## Supplied data
○ ○ ○

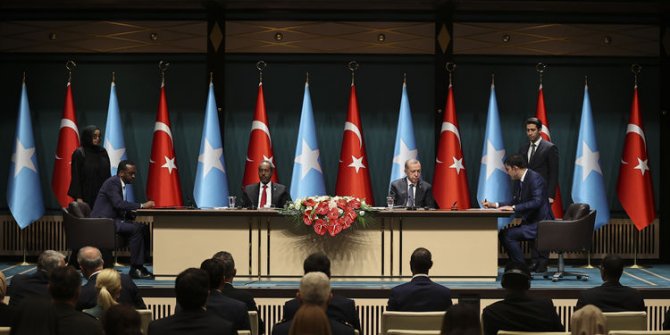Somali Cumhurbaşkanı'ndan Türkiye'ye teşekkür: Desteğinizi hiç unutmayacağız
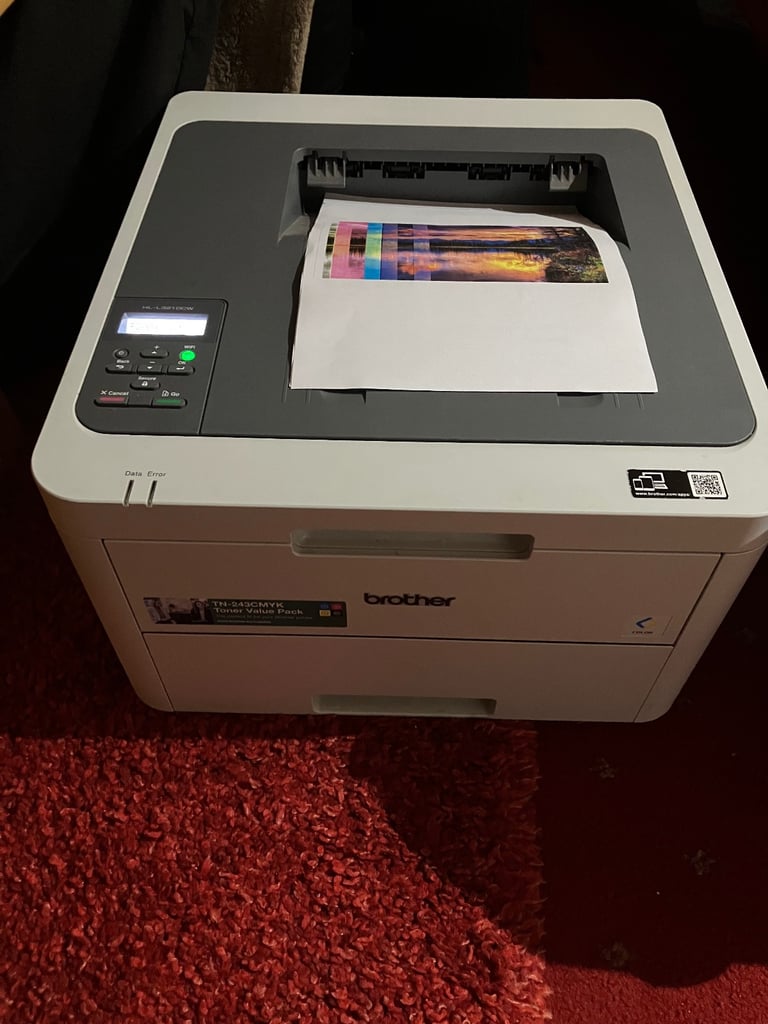 image for Brother toner colour printer HL L3210 CW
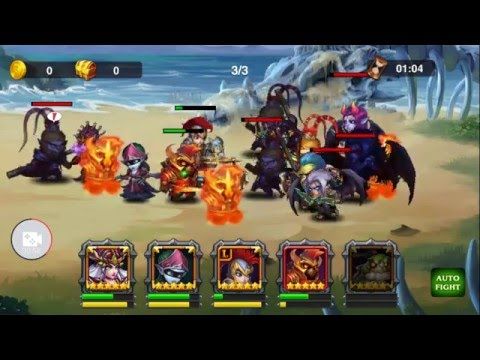 Video guide by : Heroes Charge Level 16-5 #heroescharge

○ ○ ○

## Task item
Exclude every image and return the material above exactly.

## Expected output
Somali Cumhurbaşkanı'ndan Türkiye'ye teşekkür: Desteğinizi hiç unutmayacağız
 image for Brother toner colour printer HL L3210 CW
 Video guide by : Heroes Charge Level 16-5 #heroescharge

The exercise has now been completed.